> **Activity**: With the pictures excluded, retype the records that follow exactly.

── Supplied information

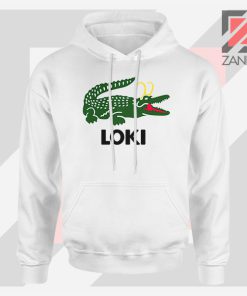 The Glorious Alligator Loki Hoodie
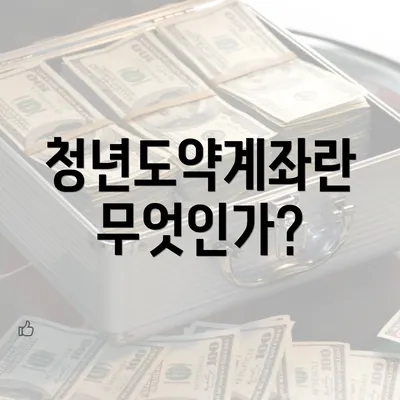 청년도약계좌란 무엇인가?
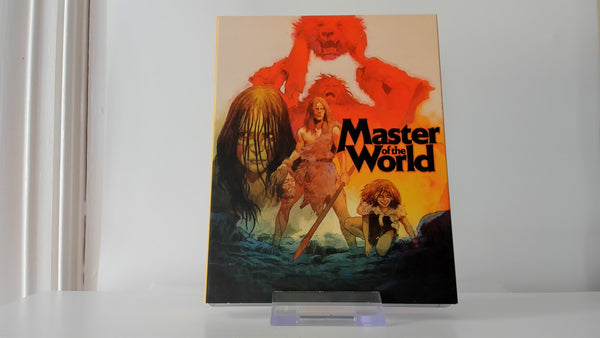 Master of the World w/ Slip [Bluray] - Vinegar Syndrome - Used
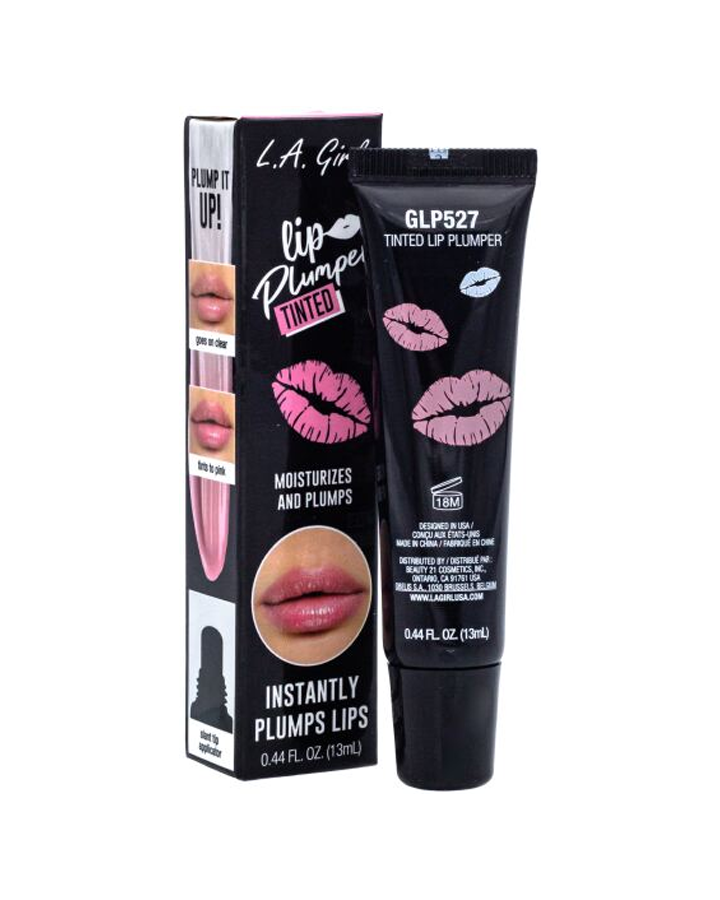 L.A. GIRL LIP PLUMPER TINTED TICKLED GLP527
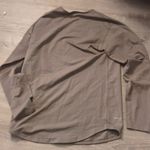 Bylt Premium Basics Drop Cut Long Sleeve Olive Green Shirt Size Large Photo 5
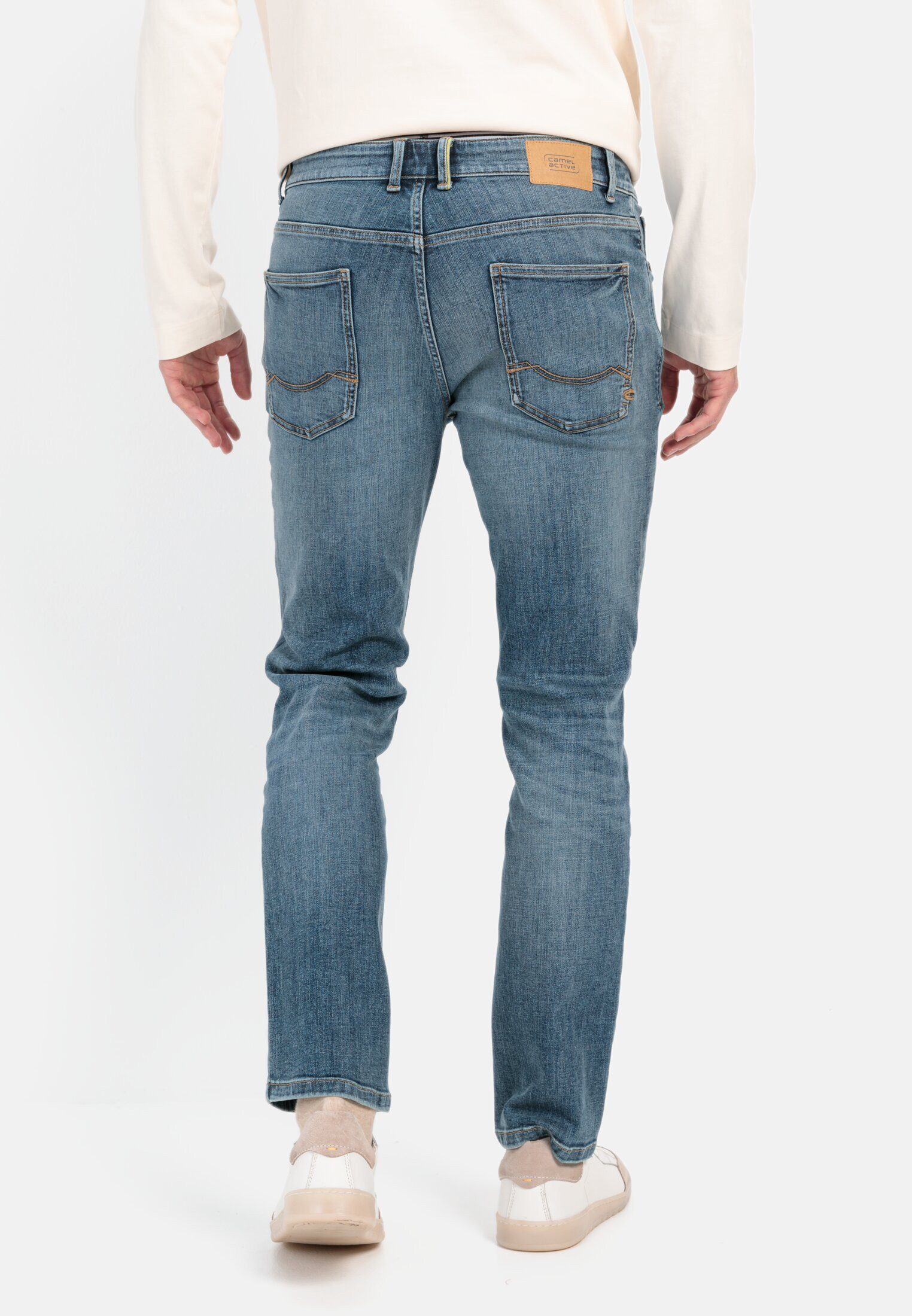 camel active Regular-fit-Jeans fleXXXactive® im Five-Pocket günstig online kaufen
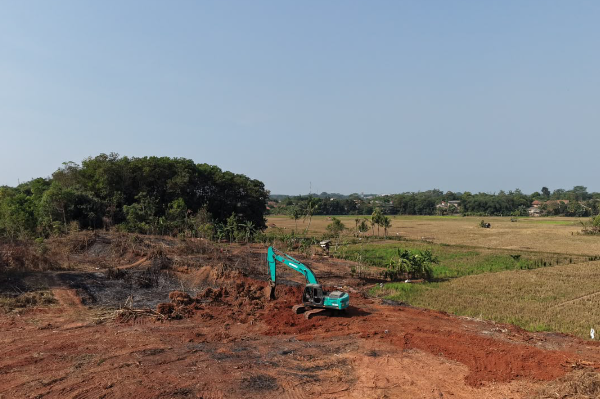 Proyek Strategis Nasional PT. ALANKA MULTI PERSADA Cetak Sawah Baru Di Wilayah Desa Cipinang Kecamatan Cibatu Kabupaten Purwakarta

────

> **Answer to this problem**:
 The Glorious Alligator Loki Hoodie
 청년도약계좌란 무엇인가?
 Master of the World w/ Slip [Bluray] - Vinegar Syndrome - Used
 L.A. GIRL LIP PLUMPER TINTED TICKLED GLP527
 Bylt Premium Basics Drop Cut Long Sleeve Olive Green Shirt Size Large Photo 5
 camel active Regular-fit-Jeans fleXXXactive® im Five-Pocket günstig online kaufen
 Proyek Strategis Nasional PT. ALANKA MULTI PERSADA Cetak Sawah Baru Di Wilayah Desa Cipinang Kecamatan Cibatu Kabupaten Purwakarta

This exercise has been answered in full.